Anthem (2019 - present)

Sexual assault evidence collection kit exteriors; reproductions of kit interiors: white envelopes, paper bags, clear plastic bags, scans; 8.5”x11”x2” set-up boxes; 8.5”x11” inkjet prints on paper. Photos: Kyle Knodell

Anthem is a comparison of the different sexual assault evidence collection kits or "rape kits" used in each US state. Produced by commercial companies and state agencies, the kits vary in language, content, and form. A kit might contain 7 or 21 steps; it might use legal or medical language (“victim” vs. “patient”) and gendered or gender-neutral terms (“panties” vs “underwear”).
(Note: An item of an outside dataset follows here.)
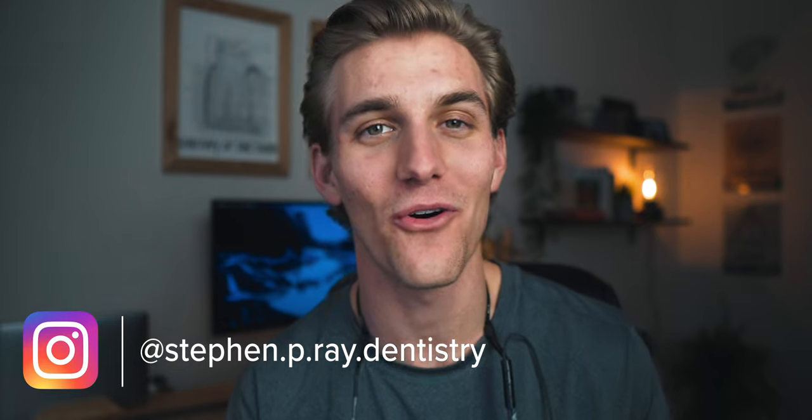Hello everyone. My name is Steven. I am a first-year dental student and today I'm talking about something that we all need as dentists, and that is a nice pair of loops.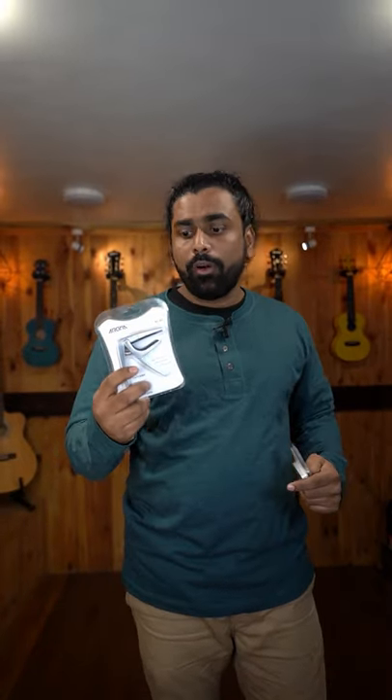Guitar capos that you can consider instead of these cheap plastic capos that tend to break easily and lose their tension. The first option is this capo by Aroma. This is a full metal capo, spring loaded, works well on all guitars, and because it's full metal, it's durable as well.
As an object, a rape kit is a crucial site where physical experience is transformed into testimony—one that has the power to support or supersede the survivor's own voice. Yet in whose voice, and on whose behalf, does the object speak? Viewers are invited to pick up, handle, and compare the reproductions of the kits' internal contents, which are on display on the shelves in the space.

The research for this work is ongoing. For more information, see summary proposed of research. Versions of Anthem have been displayed at ScultureCenter (2019),  FUTURA (2019), and Art in General (2020).


Osman Can Yerebakan, "The Artist Making Installations Out of Rape Kits," The Cut, 15 January 2015: [Anthem.pdf]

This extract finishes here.